- [PROBLEM] Below are lines of data, and only some are wanted. Please repeat exactly those from the line that has "President Nana Addo" through the line that has "Gentlemanly set: sunglasses, perfume, wallet, watch".

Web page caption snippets
=======

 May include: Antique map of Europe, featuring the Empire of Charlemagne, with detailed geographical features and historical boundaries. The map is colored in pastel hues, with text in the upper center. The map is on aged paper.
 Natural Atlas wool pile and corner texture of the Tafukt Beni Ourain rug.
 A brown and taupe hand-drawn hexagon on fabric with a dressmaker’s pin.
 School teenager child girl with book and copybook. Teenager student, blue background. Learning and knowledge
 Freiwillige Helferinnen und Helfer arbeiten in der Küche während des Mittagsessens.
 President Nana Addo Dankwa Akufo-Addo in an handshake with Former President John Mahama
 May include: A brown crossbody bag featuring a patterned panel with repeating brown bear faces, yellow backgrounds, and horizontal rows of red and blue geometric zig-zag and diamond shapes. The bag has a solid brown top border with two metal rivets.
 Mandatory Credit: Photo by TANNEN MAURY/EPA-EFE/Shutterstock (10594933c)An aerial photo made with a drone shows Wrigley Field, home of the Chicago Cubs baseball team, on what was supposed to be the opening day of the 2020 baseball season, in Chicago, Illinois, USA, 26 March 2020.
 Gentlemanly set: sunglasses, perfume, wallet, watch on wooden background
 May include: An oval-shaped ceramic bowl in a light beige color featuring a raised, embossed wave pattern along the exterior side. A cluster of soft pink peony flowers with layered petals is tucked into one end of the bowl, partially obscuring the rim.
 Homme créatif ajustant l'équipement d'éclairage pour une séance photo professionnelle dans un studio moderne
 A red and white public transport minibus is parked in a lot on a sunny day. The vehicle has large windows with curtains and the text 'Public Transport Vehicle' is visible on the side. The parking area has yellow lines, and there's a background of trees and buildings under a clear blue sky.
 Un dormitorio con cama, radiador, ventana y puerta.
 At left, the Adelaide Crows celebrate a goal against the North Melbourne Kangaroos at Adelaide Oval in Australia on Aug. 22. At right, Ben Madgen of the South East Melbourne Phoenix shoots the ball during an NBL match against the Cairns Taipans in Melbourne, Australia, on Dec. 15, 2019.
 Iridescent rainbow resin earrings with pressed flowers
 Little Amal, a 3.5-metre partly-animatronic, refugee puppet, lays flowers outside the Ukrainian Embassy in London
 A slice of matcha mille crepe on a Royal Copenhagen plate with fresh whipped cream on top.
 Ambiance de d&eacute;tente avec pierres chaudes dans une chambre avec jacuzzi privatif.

=======

- [FINAL ANSWER]
 President Nana Addo Dankwa Akufo-Addo in an handshake with Former President John Mahama
 May include: A brown crossbody bag featuring a patterned panel with repeating brown bear faces, yellow backgrounds, and horizontal rows of red and blue geometric zig-zag and diamond shapes. The bag has a solid brown top border with two metal rivets.
 Mandatory Credit: Photo by TANNEN MAURY/EPA-EFE/Shutterstock (10594933c)An aerial photo made with a drone shows Wrigley Field, home of the Chicago Cubs baseball team, on what was supposed to be the opening day of the 2020 baseball season, in Chicago, Illinois, USA, 26 March 2020.
 Gentlemanly set: sunglasses, perfume, wallet, watch on wooden background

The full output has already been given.